Step 1. First Vertical
Start by soaking several cane in warm water for 15-20 minutes. Add a capful or two of Glycerin in the water to help the cane maintain it's flexibility & slide through tight places. Use the longest possible cane strands on these first three steps to help minimize knots. The first three caning steps will go quickly & use at least 6 cane strands. It takes me about 1-1.5 hours to complete the first 3 caning steps.
Notice that the front rail has more holes than the back rail, forcing the need to use a side hole. Keep the vertical runs parallel looking. This is an indication of where a "fish-eye" will form.
Do not worry about keeping the cane tight. Leave it loose enough so that when
pressed down it will reach the bottom side of the rail (about 1/2").
The cane will naturally tighten up as the weaving steps continue. If you make
the cane too tight now, you will increase your difficulty of weaving later. Do
not tie-off until after step 4.
Step 2. First Horizontal
Run the first horizontal on top of the Step 1 first verticals. Efficiency tip: Because I had a long cane strand left over from step 1, I used it to start the horizontals, instead of tying off & starting a new strand.
Step 3. Second Vertical
Run the Second Vertical over the top of, & to the right of, the Step 1 first vertical. On the side rails, use the same holes as in Step 1.

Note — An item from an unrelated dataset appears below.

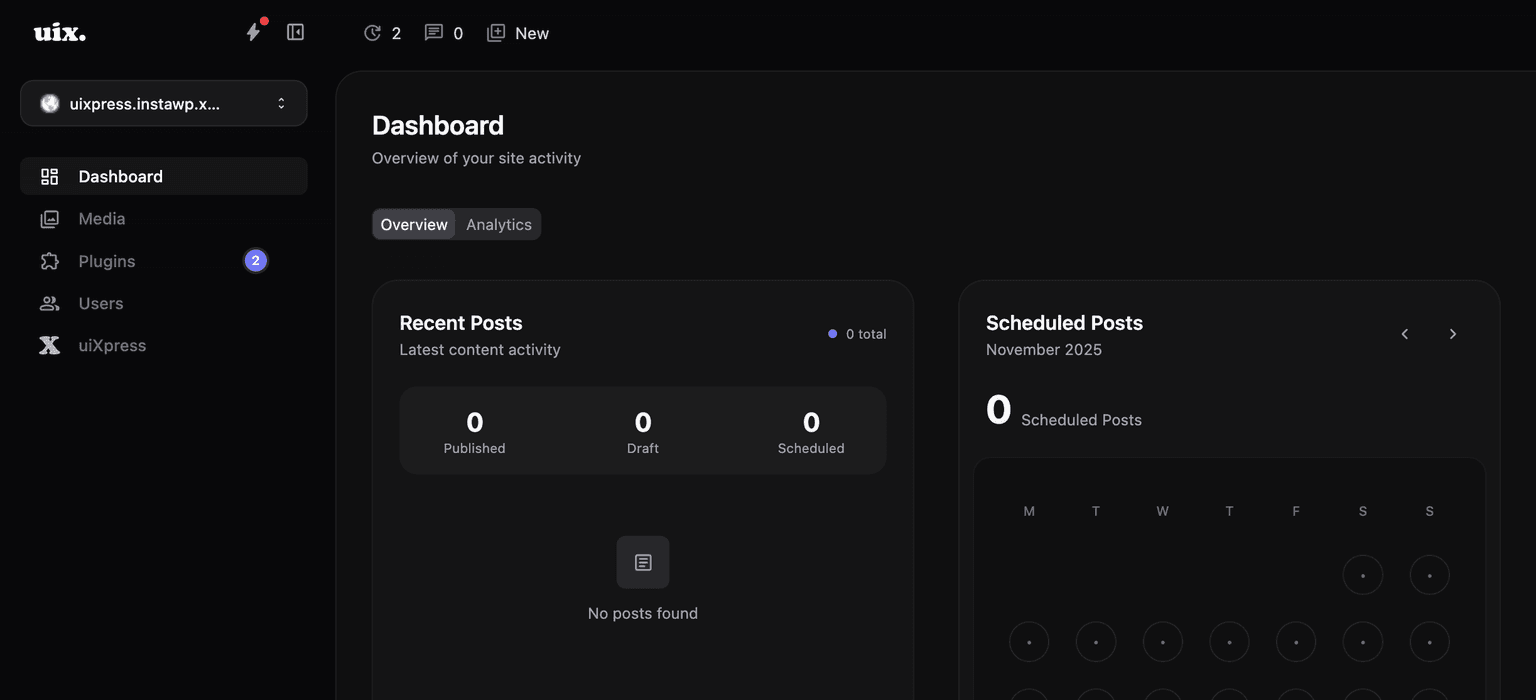 Work across sites without leaving admin.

Step 4. Second Horizontal. Weaving begins here.
This step takes me the longest time to complete. I probably spent 2 hours on just this step. Run the cane below Step 2 first horizontal canes. Weave the cane OVER the Step 3 vertical & UNDER the Step 1 vertical. Use extra care to keep the canes lined up vertically & horizontally. Stop after each run & re-align the cane. A caning needle may help speed up this step, however be careful in tight spaces to not cut existing canes.

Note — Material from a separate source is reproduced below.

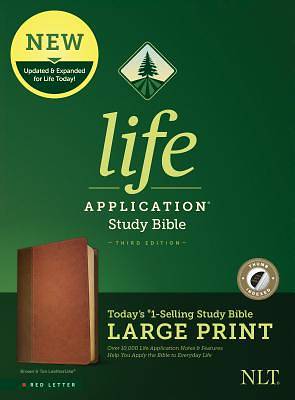 Picture of NLT Life Application Study Bible, Third Edition, Large Print (Red Letter, Leatherlike, Brown/Tan, Indexed)
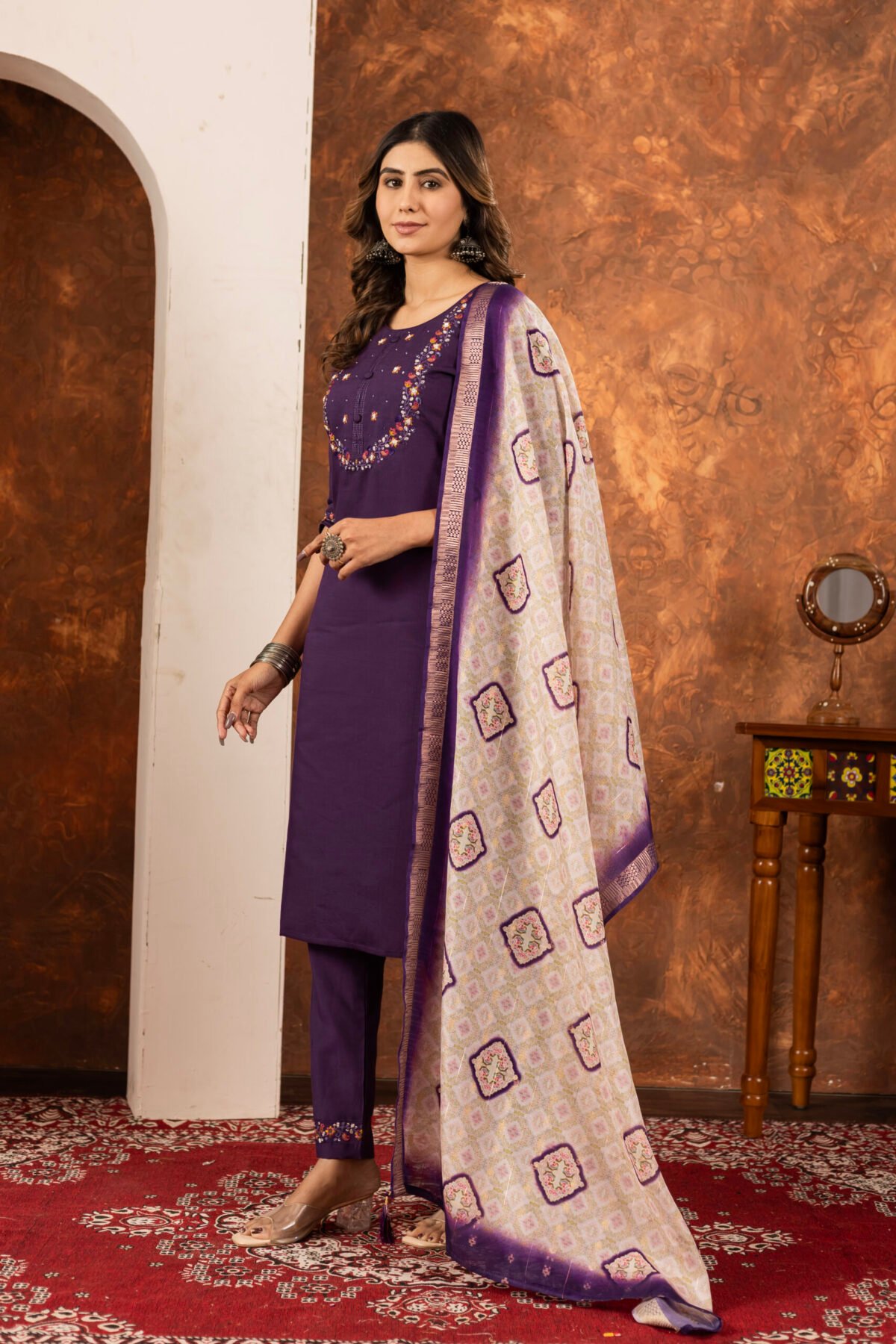 Wine Straight Kurti Pant With Printed Dupatta Set - Image 2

After step 4 is completed, use the aligning tool to straighten each intersection of cane pairs. This is a tremendous help in preparation for the diagonal runs in Steps 5 & 6. Using two golf tees or wood pegs to line up the cane pairs works also.
Tie off the ends now beneath the seat. You may have to wet the cane ends with a damp cloth, to regain flexibility. Loop the cane end twice under the cane & cut the end leaving about 1/4".

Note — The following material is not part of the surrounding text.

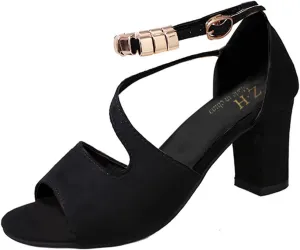 Women's Platform Heels,Open Toe Chunky Block Heeled Sandals with Ankle Strap Dressy High Heel Womens Open for Women Summer Fish Mouth Comfortable Beaded Party Dress Sandal Wedding Shoes For Bride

If you stop between steps, lay a warm damp cloth or towel on the caned
seat while you soak your next cane strands. This helps to regain flexibility in
the seat cane & makes it easier to work.
Step 5. First Diagonal
The canes are now run diagonally from front to back. You can start from either corner actually, though some professionals preferred one way or the other (Left Back towards Right Front VS Right Back towards Left Front). Because I had left over cane ends at the back right corner, I started there. If unsure how to start, take a small length of cane & run a practice cane from back towards front. This will help to visualize how the cane should run. If you have difficulty pulling the cane through, STOP & check to make sure your running it correctly. If the cane is cutting or splitting, you may be running it incorrectly (against the grain).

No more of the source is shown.